1.37 kwetsbaar object

een kwetsbaar object, zoals bedoeld in artikel 1 van het Besluit externe veiligheid inrichtingen

1.38 mantelzorg

het op individuele basis, buiten organisatorisch verband, bieden van zorg aan personen die fysiek, psychisch of verstandelijk ernstig hulpbehoevend zijn;

1.39 meergezinswoning

een gebouw dat dient voor de huisvesting van meerdere huishoudens in afzonderlijke woonruimten.

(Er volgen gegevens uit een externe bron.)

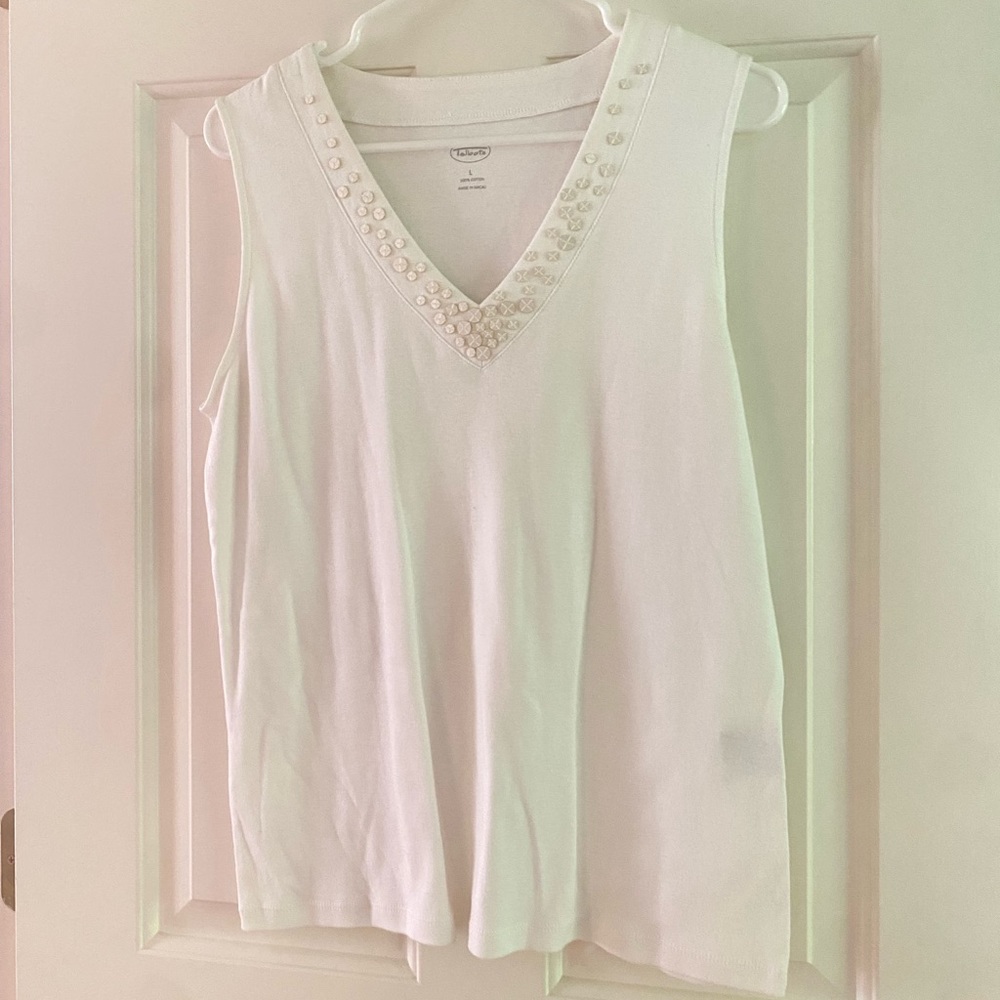 Talbots White Beaded Tank Top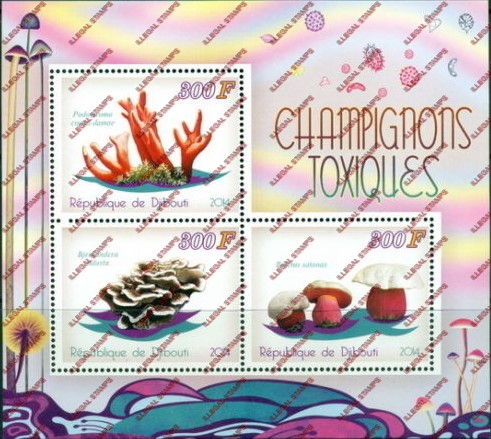 Djibouti 2014 Mushrooms Illegal Stamp Souvenir Sheet of 3 Djibouti 2014 Mushrooms Illegal Stamp Souvenir Sheet of 3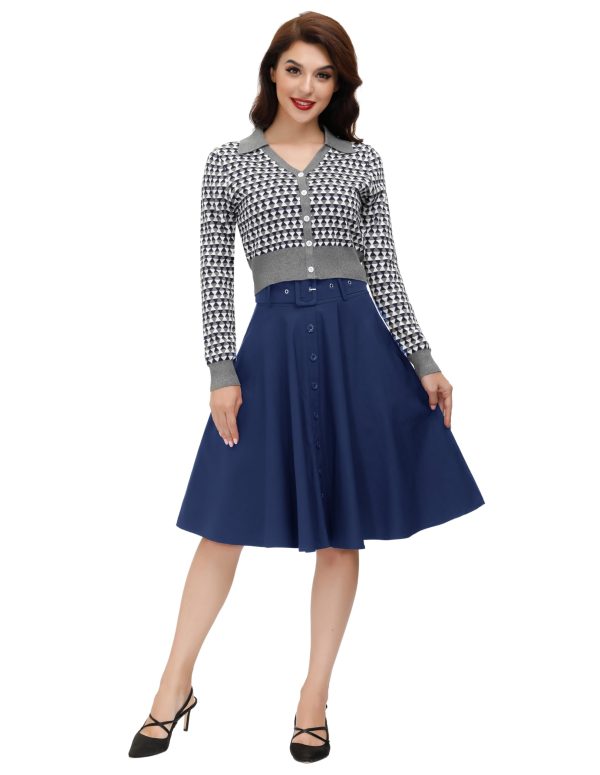 Women's Vintage Skirts High Waisted Flared A-Line Midi Skirt with Belt Pockets & Belts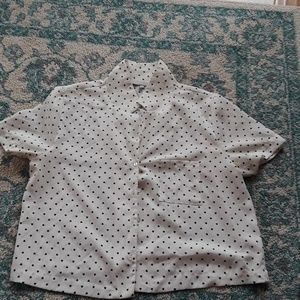 White button up crop top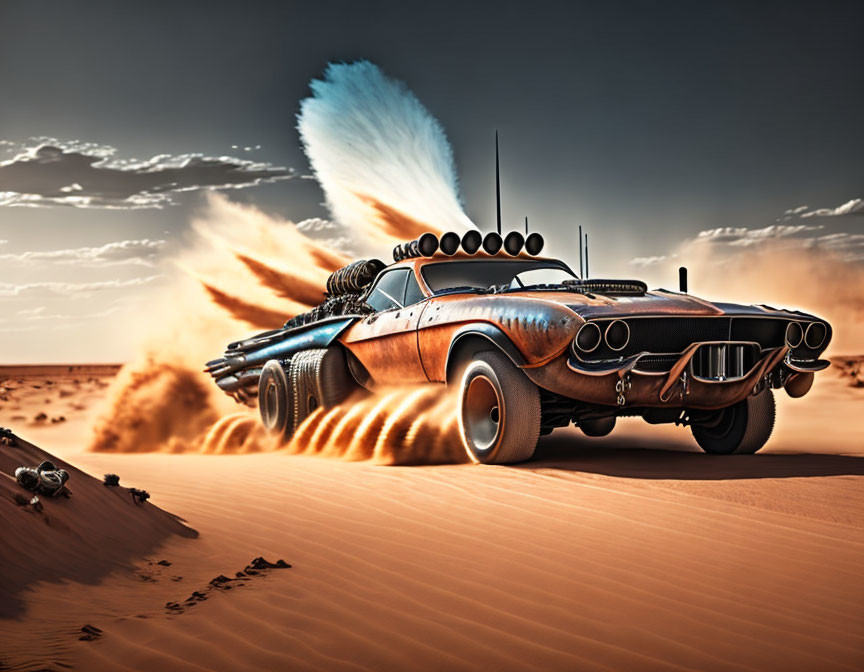 Vintage car with oversized wheels and exhaust pipes races through desert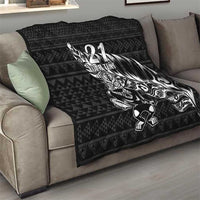 New Zealand Rugby Warrior Custom Quilt Black Fern Taniko Motif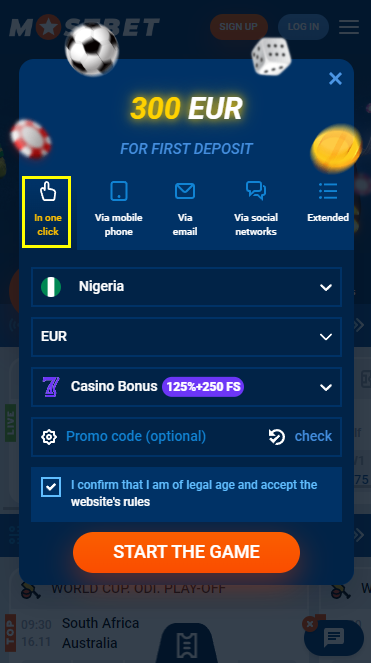 Registration at Mostbet mobile version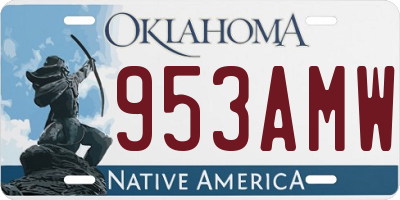 OK license plate 953AMW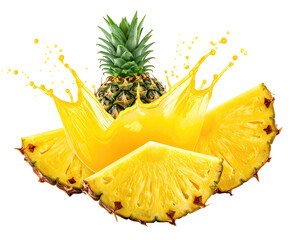 A pineapple with sliced pieces, a crown, and vibrant juice splashing outwards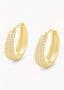 Dome Pave Hoops Medium Gold - Øredobber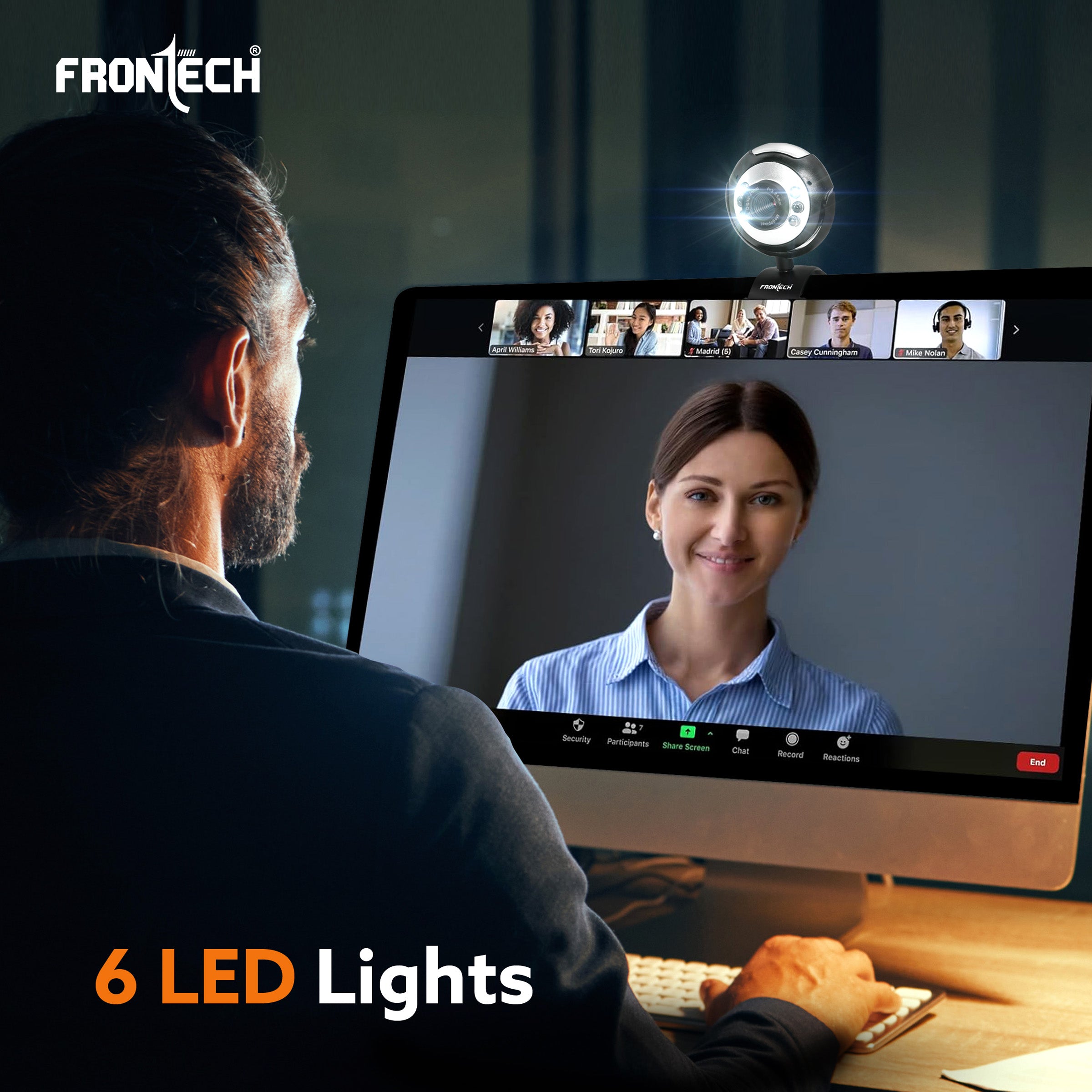 Frontech Digital Webcam with Built-in Mic & LED Lights (2251) Frontech Digital Webcam with Built-in Mic & LED Lights (2251)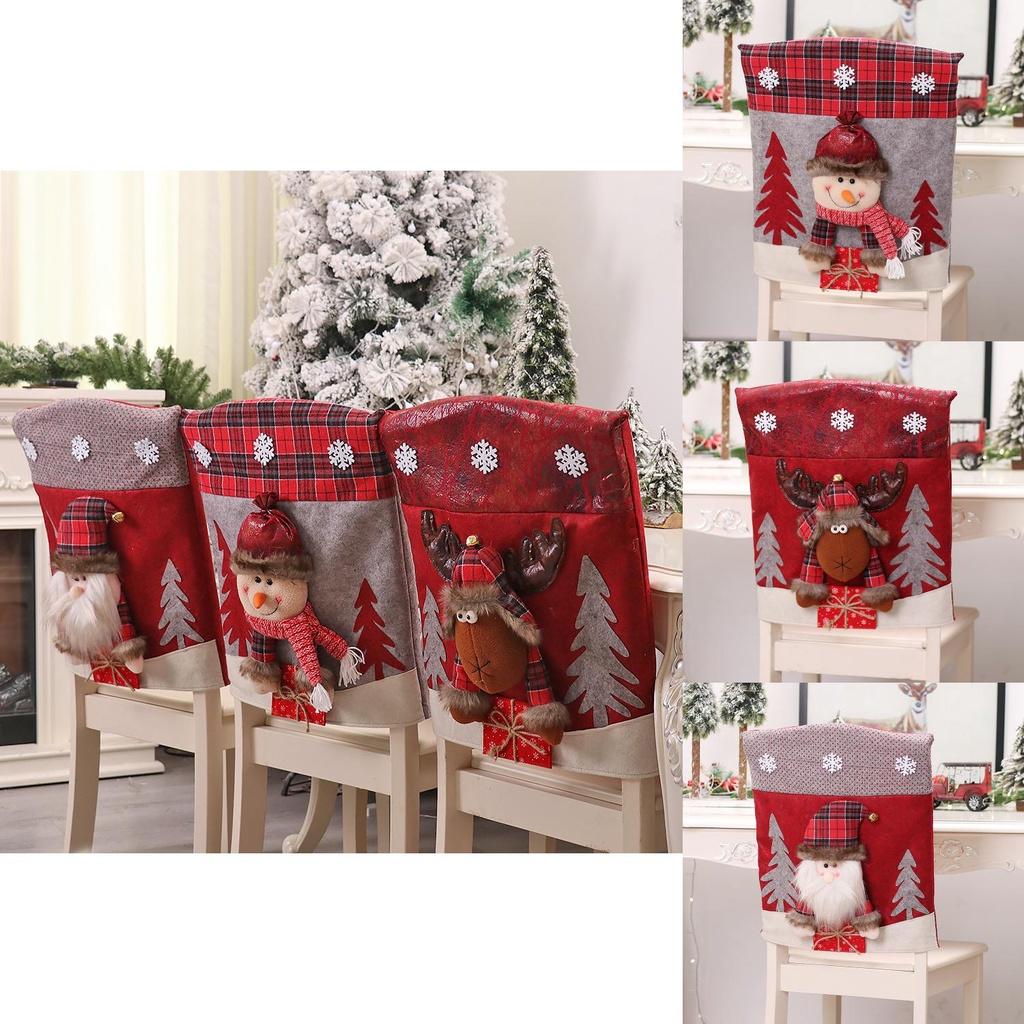 Christmas Festive Chair Cover Set Santa Claus Snowman Reindeer Decorate Your Kitchen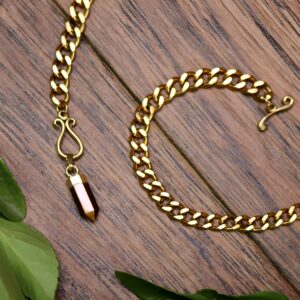 Small tiger's eye point chain necklace new moon gemstones crystal necklace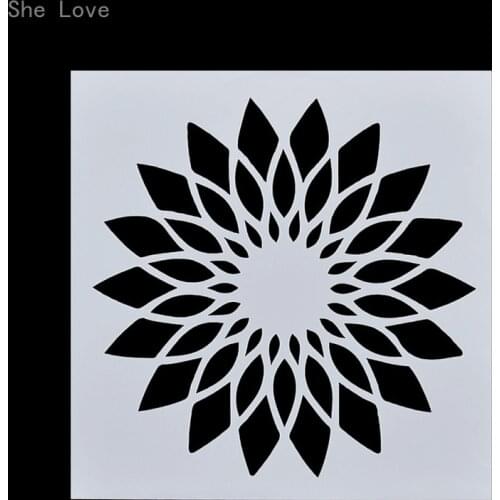 Chzimade 9pcs Flower Pattern Layering Stencils For Walls Painting Scrapbooking Album Decorative Embossing Template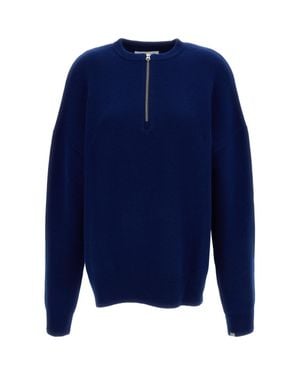 Extreme Cashmere Like Cashmere-Blend Zip-Up Sweater - Blue
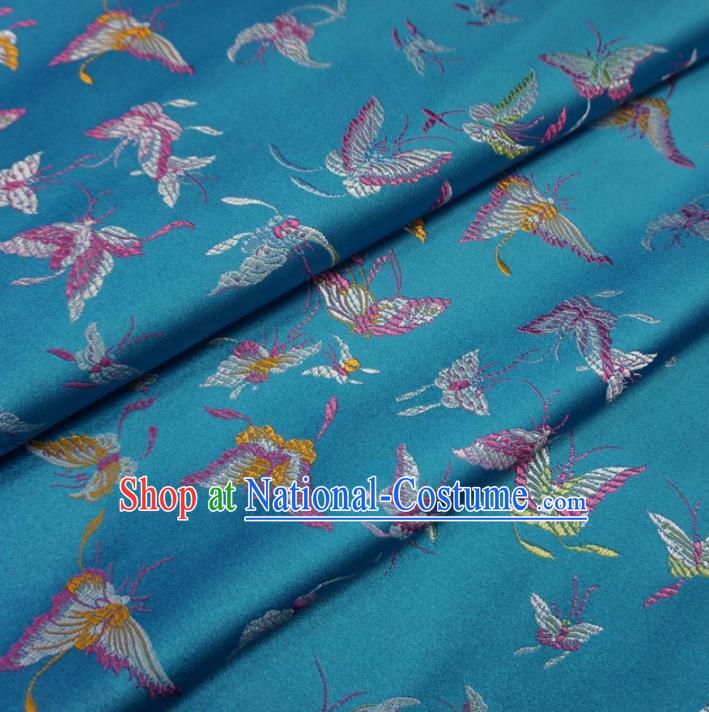 Chinese Traditional Royal Palace Butterfly Pattern Design Blue Brocade Fabric Ancient Costume Tang Suit Cheongsam Hanfu Material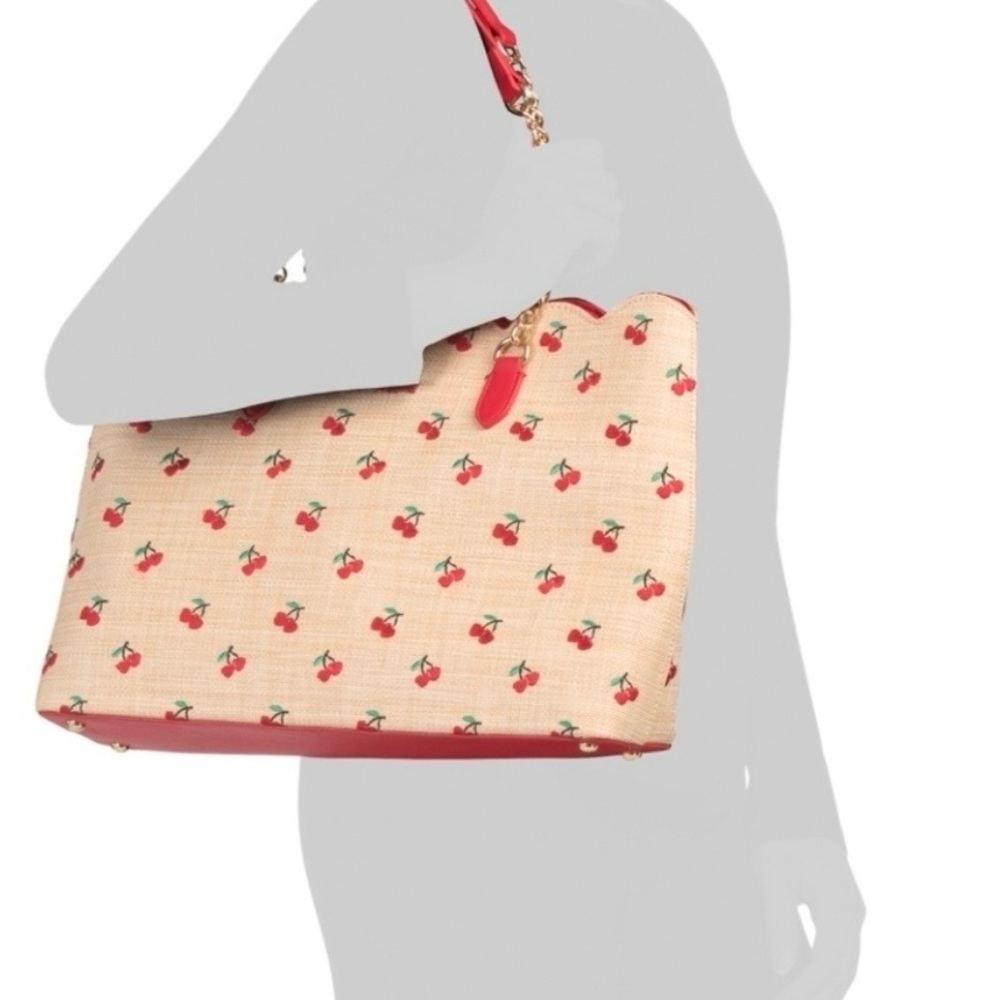 ☀️Betsey Johnson Cherry Straw Tote Scalloped Top Bag - Picture 4 of 9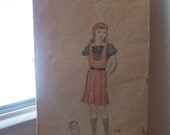 1930's antique jumper pattern for young girls-size 6 vintage sewing pattern-vintage brownies dress or Girl Scout dress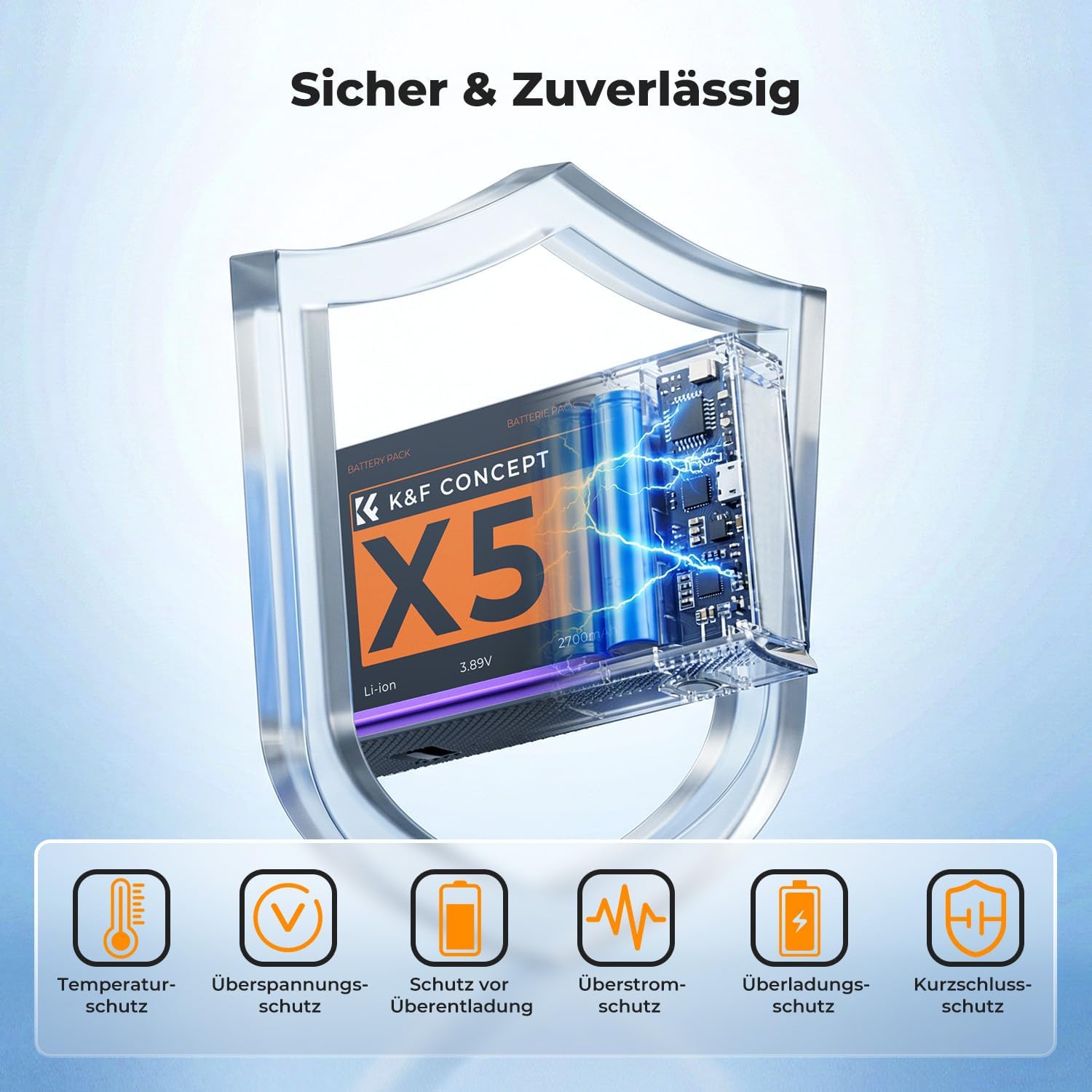Thumbnail 5 de K&F CONCEPT 2700mAh Ersatzakku für Insta360 X5 – zuverlässige Zusatzenergie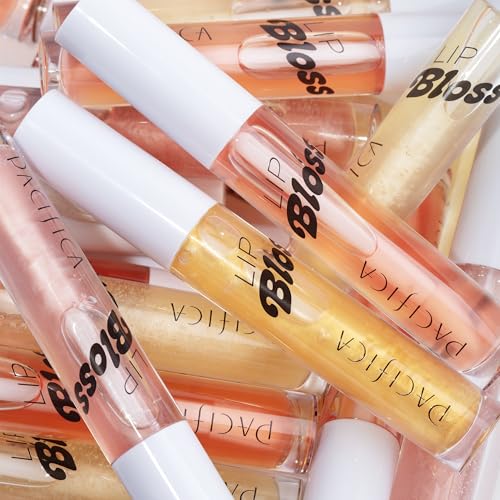 Pacifica Plumping Lip Gloss – Vanilla Bean (Creamy Neutral Tint) Hydrating Lip Oil Balm, Gentle Lip Plumper with Shea & Jojoba, No-Sting High Shine, Vegan & Cruelty-Free 0.14oz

1.40 omgevingsvergunning voor het uitvoeren van een werk, geen bouwwerk zijnde, of van werkzaamheden

een vergunning als bedoeld in artikel 2.1 of 2.2 van de Wet algemene bepalingen omgevingsrecht zoals deze luidt op het moment van terinzagelegging van het ontwerpplan;

1.41 onderbouw

een gedeelte van een gebouw, dat wordt afgedekt door een vloer waarvan de
bovenkant minder dan 1,20 m boven het peil is gelegen;

1.42 ondergeschikte bouwdelen/bouwdelen van ondergeschikt belang

bouwdelen van beperkte afmetingen, die buiten de hoofdmassa van het hoofdgebouw uitsteken, zoals schoorstenen, antennemasten, windvanen, vlaggenmasten, wolfseinden en andere ondergeschikte dakopbouwen;

1.43 ondergronds

beneden het peil;

1.44 peil

de hoogte, zoals bedoeld in artikel 2.8;

1.45 prostitutiebedrijf

een inrichting of instelling gericht op het tegen betaling doen plaatsvinden van seksuele omgang met prostituees op een naar buiten toe kenbare wijze, zoals een bordeel of escortservice;

1.46 seks- en/of pornobedrijf

een inrichting of instelling gericht op het doen plaatsvinden van voorstellingen en/of vertoningen van erotische en/of pornografische aard dan wel voor detailhandel in seksen/of pornoartikelen, zoals een seksbioscoop, seksclub, seksautomaat of sekswinkel;

1.47 staat van bedrijfsactiviteiten

een als bijlage bij deze regels behorende en daarvan onderdeel uitmakende lijst van bedrijven en instellingen;

1.48 uitvoeren

het doen uitvoeren, laten uitvoeren en in uitvoering geven.

1.49 verharden van wegen

het aanbrengen van een dichte deklaag in de vorm van bijvoorbeeld klinkers, asfalt of beton;

1.50 voorste bouwgrens

de naar het verkeers- of verblijfsgebied gekeerde bouwgrens;

1.51 voorgevelrooilijn

de bouwgrens die gericht is naar de weg en waarop de bebouwing is georiënteerd;

1.52 woning

een (gedeelte van een) gebouw, dat dient voor de huisvesting van één huishouden;

1.53 woningblok

twee of meer aaneengebouwde woningen.